# York Meet Shopping List



## Guest (Sep 28, 2015)

It is time, if you have not already done it, to put together your York Meet shopping list. 

Our list is not complicated this time. We have a Shell Tanker Truck to pick up from Jack Pearce that he is lighting. We will probably get a few more items form him as well. Other than that, it comes down to what we find that must come home with us. 

*Tell us what is on your York Meet shopping list.*


----------



## laz57 (Sep 19, 2015)

Just looking for the MTH DAP NS 2 pack sleeper cars, Pennsylvania, and Alabama, to finish my DAP set and maybe some illiminator , nada smoke fluid. Other then that not to much.


----------



## Bob Phillips (Nov 25, 2014)

Wanting to meet a lot of members there from here.

Bob P


----------



## Guest (Sep 28, 2015)

*Wanting to meet a lot of members there from here.*



Count on it.


----------



## gunrunnerjohn (Nov 10, 2010)

My shopping list is to meet as many new folks as I can in the time allotted. 

I don't have anything specific on my list right now, I need to make room for anything new.


----------



## AndyH (Sep 21, 2015)

Due to a recent flood of preorders coming in, this York I am looking to sell more than I buy, but I will still be on the lookout for any of the 10 or so MTH Premier NS Heritage High Cubes that I am missing, and certain K-Line aluminum hoppers, if I can find them at a good price.

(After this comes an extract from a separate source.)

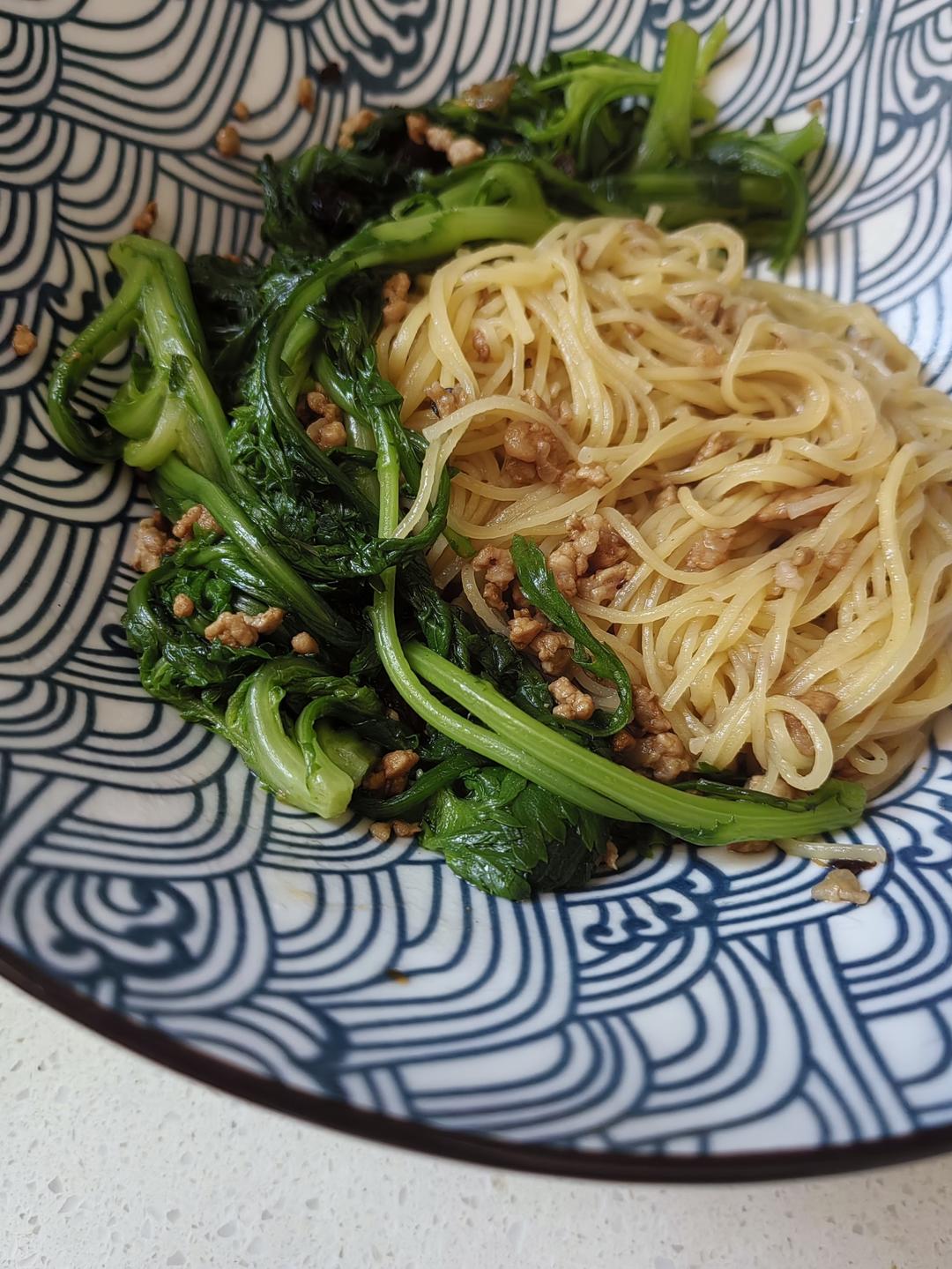 肉沫茼蒿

In any case, I will probably find something that I never knew that I wanted. It seems to happen every York whether I want it to or not. 

Andy


----------



## Guest (Sep 28, 2015)

Andy, we will look you up in the Blue Hall.


----------



## Yellowstone Special (Jun 23, 2015)

Well, I _*would like*_ to pick up a few things that I don't know I need yet. And especially to *meet the good folks on this forum in person, who will be there.*

Oh, that's right. I'm way out west and won't be going. Maybe someday.


----------



## TGP (Sep 6, 2015)

this is the ALASKA RR , vooodoooo warrior, I sware I saw one of those
2 superliners ,in the driveway shedding a tear for their brothers and sisters,!!!!!!!!!!!!


----------



## Chris Lonero (Sep 13, 2015)

Nothing I'm planing on. I'll stop by mega steam and pick up a couple of products from Jeb and maybe a couple of parts I need at MTH but not looking for anything in particular.


----------



## 86TA355SR (Feb 27, 2015)

Chris, 
I know _THAT_ plan...usually falls apart quickly! HAHA.

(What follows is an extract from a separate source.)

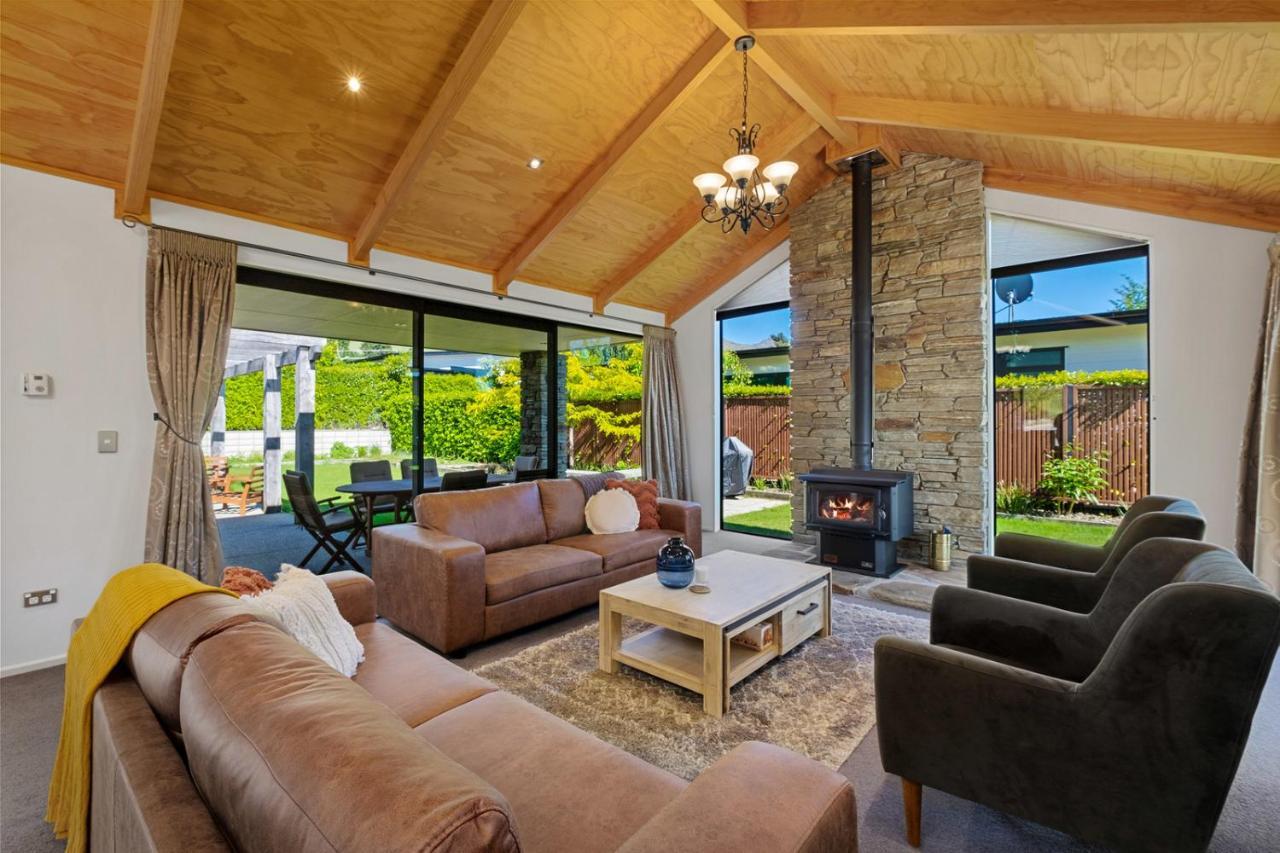 Roys Bay Lodge - Wanaka Holiday Home المظهر الخارجي الصورة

If I could go to York, I'd probably not go. I've done enough 'damage' this past year!


----------



## rboatertoo (Aug 5, 2015)

My list is mainly k-line passenger cars:
K-4610C	Baltimore & Ohio "The Columbian" 21" 2-PAC	
K-4610D	B&O 21" Aluminum Passenger 2-PAC	
K-4610E	B&O 21" Aluminum Passenger 2-PAC	
K-4620C	C&NW "The 400" 21" Bi-Level 4-PAC	
K-4620E	C&NW 21" "The 400" Gallery Car 2-PAC	
K-4633B	GN Empire Builder 21" 6-PAC	
K-4633C	GN Empire Builder 21" 4-PAC
K-4636H	Tri-Rail 21" Bombardier Commuter Car 4-PAC	
K-4642B	Metra 21" Bi-Level 4-PAC	
K-4650C	NP "North Coast Ltd." 21" Passenger Car 2-PAC
K-4670L	NYC Empire State Express 21" 6-PAC	
K-4670M	NYC Empire State Express 21" 4-PAC
K-4688E	SP Daylight 21" 6-PAC	
K-4688F	SP Daylight 21" 4-PAC
K-4690C	Union Pacific "City of Los Angeles" 21" Passenger Car 3-PAC	
K-4690D	UP "City of Los Angeles" 21" 2-PAC

Okay maybe I should have said any k-line 21 passenger. LOL If I find just one I'll be happy, if I find them all I wouldn't be eating for a month!!!!! If you know anyone who would be interested in selling one of those, please contact me!! Email in profile.


----------



## AndyH (Sep 21, 2015)

Passenger Train Collector said:


> Andy, we will look you up in the Blue Hall.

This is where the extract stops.